At any rate, my conversation with this elder turned quickly to how we can know that we are a part of the one church that is talked about in scripture. Do we have every detail correct and all others who do not agree with us are wrong? That’s a very difficult question. It puts us in the seat of God, and his throne is not our seat. It is easier for us to look at this topic and say, “I know what God says in his Word regarding his Church, and that is what I have to strive to be.” The question then is, “Am I…are we…being that Church?” The reality of being that Church rests solely in our following God’s will for His people.

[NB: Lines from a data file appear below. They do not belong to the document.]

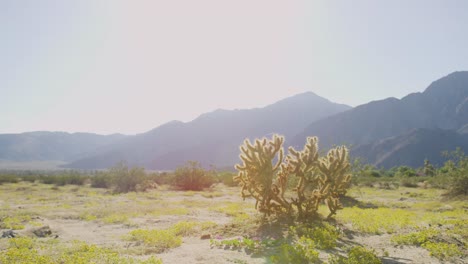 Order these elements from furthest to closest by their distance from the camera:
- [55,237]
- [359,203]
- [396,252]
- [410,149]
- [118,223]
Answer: [410,149], [359,203], [118,223], [55,237], [396,252]

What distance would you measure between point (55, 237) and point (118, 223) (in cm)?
340

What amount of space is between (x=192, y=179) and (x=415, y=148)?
111806 mm

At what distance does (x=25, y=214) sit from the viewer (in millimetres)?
16297

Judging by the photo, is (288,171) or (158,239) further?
(288,171)

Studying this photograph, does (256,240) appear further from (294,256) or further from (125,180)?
(125,180)

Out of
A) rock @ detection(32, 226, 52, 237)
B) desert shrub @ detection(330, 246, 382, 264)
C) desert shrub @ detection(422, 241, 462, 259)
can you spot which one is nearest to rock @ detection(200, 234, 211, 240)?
desert shrub @ detection(330, 246, 382, 264)

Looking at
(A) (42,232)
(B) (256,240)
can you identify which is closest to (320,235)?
(B) (256,240)

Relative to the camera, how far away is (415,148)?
125 m

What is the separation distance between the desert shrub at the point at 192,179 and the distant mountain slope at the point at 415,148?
310 feet

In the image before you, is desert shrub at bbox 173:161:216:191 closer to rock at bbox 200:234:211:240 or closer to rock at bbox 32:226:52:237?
rock at bbox 32:226:52:237

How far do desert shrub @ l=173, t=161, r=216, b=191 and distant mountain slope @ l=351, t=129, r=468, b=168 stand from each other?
94537 millimetres

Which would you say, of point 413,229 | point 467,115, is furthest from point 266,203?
point 467,115

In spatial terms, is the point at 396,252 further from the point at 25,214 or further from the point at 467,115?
the point at 467,115

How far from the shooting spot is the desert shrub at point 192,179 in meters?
40.9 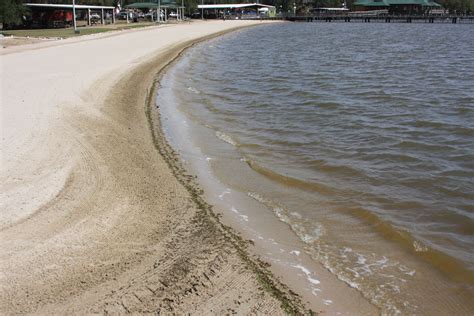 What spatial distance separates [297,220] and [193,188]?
195cm

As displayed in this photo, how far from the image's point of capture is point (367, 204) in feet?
25.4

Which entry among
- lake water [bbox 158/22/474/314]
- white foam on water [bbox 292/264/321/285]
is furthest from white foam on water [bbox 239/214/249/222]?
white foam on water [bbox 292/264/321/285]

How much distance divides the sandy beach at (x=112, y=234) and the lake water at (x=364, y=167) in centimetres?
86

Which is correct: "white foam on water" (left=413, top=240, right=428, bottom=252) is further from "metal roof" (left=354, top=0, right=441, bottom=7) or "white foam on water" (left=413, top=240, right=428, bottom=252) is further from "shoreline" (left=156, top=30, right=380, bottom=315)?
"metal roof" (left=354, top=0, right=441, bottom=7)

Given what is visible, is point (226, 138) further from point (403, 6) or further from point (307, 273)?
point (403, 6)

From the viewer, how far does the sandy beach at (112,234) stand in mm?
4785

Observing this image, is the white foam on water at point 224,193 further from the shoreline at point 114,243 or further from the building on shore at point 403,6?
the building on shore at point 403,6

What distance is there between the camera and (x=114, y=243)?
19.2 feet

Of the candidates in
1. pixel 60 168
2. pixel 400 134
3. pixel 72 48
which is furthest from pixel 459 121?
pixel 72 48

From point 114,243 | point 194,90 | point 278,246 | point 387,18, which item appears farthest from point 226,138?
point 387,18

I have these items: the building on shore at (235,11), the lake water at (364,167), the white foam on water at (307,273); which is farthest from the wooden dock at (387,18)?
the white foam on water at (307,273)

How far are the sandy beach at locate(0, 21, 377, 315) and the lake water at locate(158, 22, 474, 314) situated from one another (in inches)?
33.7

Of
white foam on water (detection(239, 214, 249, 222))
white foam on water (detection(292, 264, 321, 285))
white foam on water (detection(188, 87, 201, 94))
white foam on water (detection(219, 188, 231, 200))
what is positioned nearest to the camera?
white foam on water (detection(292, 264, 321, 285))

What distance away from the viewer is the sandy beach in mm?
4785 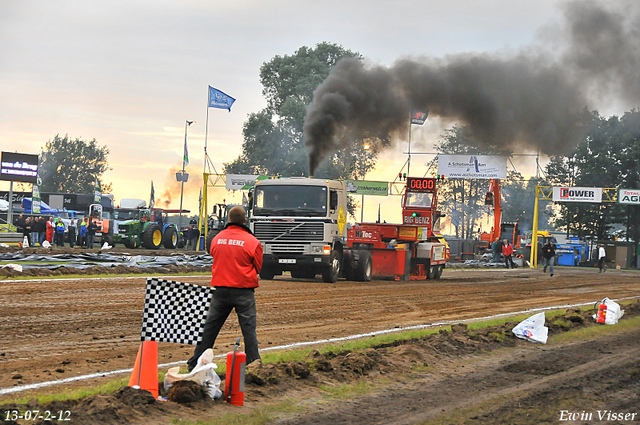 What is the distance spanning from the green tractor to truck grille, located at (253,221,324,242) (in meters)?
20.1

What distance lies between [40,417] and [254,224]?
1558 centimetres

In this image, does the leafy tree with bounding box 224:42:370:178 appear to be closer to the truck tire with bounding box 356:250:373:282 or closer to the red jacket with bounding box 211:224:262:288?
the truck tire with bounding box 356:250:373:282

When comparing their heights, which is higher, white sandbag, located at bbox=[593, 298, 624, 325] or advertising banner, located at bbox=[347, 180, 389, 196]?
advertising banner, located at bbox=[347, 180, 389, 196]

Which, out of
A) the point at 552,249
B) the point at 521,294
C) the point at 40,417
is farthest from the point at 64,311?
the point at 552,249

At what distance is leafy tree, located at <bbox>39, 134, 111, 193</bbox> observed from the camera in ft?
369

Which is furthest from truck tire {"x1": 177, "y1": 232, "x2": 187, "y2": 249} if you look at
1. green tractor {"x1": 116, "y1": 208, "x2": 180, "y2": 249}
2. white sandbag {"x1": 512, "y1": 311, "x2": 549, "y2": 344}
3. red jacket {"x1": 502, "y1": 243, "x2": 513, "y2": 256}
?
white sandbag {"x1": 512, "y1": 311, "x2": 549, "y2": 344}

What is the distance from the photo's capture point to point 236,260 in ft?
22.7

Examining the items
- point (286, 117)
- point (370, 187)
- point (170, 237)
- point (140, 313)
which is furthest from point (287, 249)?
point (286, 117)

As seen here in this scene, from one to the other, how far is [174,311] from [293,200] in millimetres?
14035

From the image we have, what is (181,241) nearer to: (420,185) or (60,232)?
(60,232)

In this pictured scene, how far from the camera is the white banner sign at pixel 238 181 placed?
154 feet

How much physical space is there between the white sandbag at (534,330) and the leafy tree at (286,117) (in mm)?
50869

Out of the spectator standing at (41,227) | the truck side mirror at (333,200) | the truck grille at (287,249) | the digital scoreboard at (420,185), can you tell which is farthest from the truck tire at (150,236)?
the truck side mirror at (333,200)

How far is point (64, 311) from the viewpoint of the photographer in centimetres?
1216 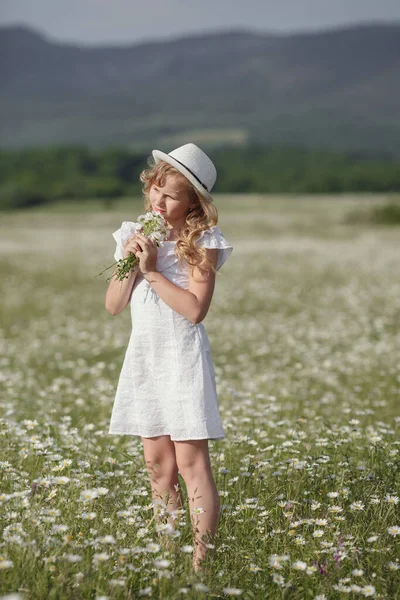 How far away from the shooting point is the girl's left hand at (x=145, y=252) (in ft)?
13.8

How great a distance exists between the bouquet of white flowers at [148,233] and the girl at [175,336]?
0.14ft

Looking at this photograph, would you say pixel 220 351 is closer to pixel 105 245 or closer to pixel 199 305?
pixel 199 305

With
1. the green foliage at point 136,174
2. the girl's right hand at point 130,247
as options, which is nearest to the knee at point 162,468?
the girl's right hand at point 130,247

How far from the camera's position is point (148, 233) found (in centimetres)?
423

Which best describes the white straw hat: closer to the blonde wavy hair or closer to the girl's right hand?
the blonde wavy hair

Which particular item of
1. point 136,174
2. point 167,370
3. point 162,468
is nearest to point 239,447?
point 162,468

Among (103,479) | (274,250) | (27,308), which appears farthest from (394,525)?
(274,250)

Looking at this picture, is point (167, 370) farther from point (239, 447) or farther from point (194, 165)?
point (239, 447)

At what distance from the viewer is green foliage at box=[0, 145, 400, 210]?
90.3m

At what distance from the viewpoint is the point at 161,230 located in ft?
13.9

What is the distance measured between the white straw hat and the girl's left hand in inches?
15.8

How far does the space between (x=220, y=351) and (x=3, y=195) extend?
72083mm

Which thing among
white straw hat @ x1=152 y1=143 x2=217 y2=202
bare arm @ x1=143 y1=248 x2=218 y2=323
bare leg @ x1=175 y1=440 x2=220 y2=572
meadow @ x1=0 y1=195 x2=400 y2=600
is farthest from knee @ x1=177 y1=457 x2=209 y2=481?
white straw hat @ x1=152 y1=143 x2=217 y2=202

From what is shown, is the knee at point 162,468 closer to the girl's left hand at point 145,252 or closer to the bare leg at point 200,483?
the bare leg at point 200,483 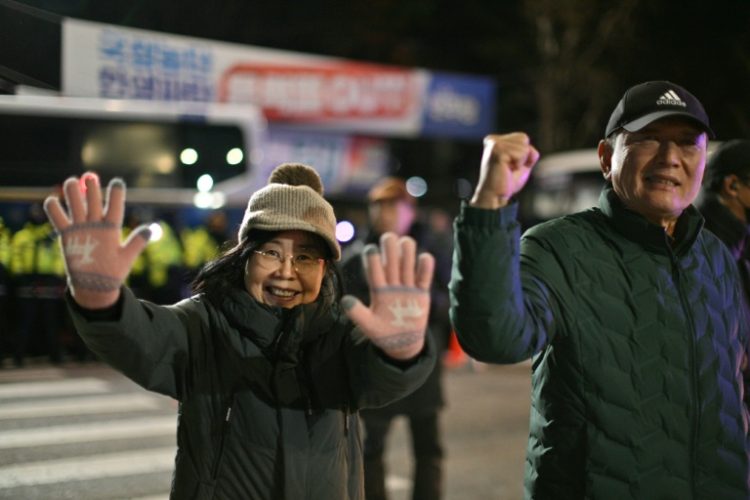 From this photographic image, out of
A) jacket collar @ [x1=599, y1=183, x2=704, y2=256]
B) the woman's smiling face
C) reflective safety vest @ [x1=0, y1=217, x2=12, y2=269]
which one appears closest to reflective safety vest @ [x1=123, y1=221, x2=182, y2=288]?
reflective safety vest @ [x1=0, y1=217, x2=12, y2=269]

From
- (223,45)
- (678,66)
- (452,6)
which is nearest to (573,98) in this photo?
(452,6)

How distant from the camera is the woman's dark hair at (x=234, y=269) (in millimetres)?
2252

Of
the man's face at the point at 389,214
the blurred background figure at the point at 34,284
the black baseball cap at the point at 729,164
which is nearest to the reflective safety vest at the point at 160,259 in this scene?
the blurred background figure at the point at 34,284

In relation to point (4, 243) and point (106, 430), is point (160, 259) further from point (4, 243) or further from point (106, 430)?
point (4, 243)

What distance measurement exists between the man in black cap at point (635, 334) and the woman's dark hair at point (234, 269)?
529 millimetres

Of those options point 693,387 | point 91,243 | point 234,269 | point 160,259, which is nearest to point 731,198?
point 693,387

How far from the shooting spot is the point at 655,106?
221cm

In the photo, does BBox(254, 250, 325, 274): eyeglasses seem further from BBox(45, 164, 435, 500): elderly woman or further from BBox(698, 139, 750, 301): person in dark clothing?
BBox(698, 139, 750, 301): person in dark clothing

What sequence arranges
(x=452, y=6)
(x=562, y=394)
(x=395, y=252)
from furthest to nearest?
(x=452, y=6), (x=562, y=394), (x=395, y=252)

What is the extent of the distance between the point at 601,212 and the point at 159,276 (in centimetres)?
801

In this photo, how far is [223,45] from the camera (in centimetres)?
1232

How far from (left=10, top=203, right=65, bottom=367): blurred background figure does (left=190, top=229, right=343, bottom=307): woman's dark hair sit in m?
0.51

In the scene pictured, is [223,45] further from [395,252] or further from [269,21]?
[395,252]

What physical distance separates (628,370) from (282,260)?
3.01 ft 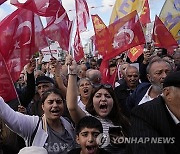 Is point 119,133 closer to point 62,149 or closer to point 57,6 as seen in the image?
point 62,149

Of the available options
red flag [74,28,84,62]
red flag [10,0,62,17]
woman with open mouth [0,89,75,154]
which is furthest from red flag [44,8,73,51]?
woman with open mouth [0,89,75,154]

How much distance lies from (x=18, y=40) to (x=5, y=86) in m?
1.01

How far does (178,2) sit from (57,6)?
3.87 metres

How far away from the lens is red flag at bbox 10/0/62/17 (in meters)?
5.39

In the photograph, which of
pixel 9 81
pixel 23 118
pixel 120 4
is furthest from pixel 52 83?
pixel 120 4

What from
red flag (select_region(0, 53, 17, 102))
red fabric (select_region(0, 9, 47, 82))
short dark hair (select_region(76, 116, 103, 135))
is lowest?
short dark hair (select_region(76, 116, 103, 135))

There is a big difference in rolling something over in your mind and actually discussing your thoughts with someone else and hearing their reaction. Scott Adair, a professor at Harding University, said something that really had an impact on me and the way I look at teaching and spiritual conversations. As he was talking about making yourself vulnerable as a teacher he said, “We don’t have to have all the answers. It is okay to say, ‘I don’t really know.’” He is right. Much of the time, either when we are teaching a Bible class or having a spiritual conversation with someone, we try to have all the answers to questions that are raised. We end up feeling the pressure to supply the answers to everyone’s questions. We must realize that it means more to the people with whom we engage when they know we are intellectually honest. It says a lot to others when we make ourselves vulnerable to them by admitting we simply don’t have all the answers. Our own prideful tendencies are what drive us to this place of believing we must offer some type of answer, even if we know (and even thinking it at the time) that we have no idea what we are talking about. As we develop and mature as Christians, we will begin to see the benefits of living a humble life in God. We will have questions along the way, and that is okay. Those questions will help us continue to develop our faith, and I believe God uses those questions we have to strengthen our understanding of his will for us. May we never be so arrogant as to think we have all the answers. God has given us what we need to understand his will for us. May we always follow his will, being obedient to his word. And may we always remember that it is okay to say, “idk.”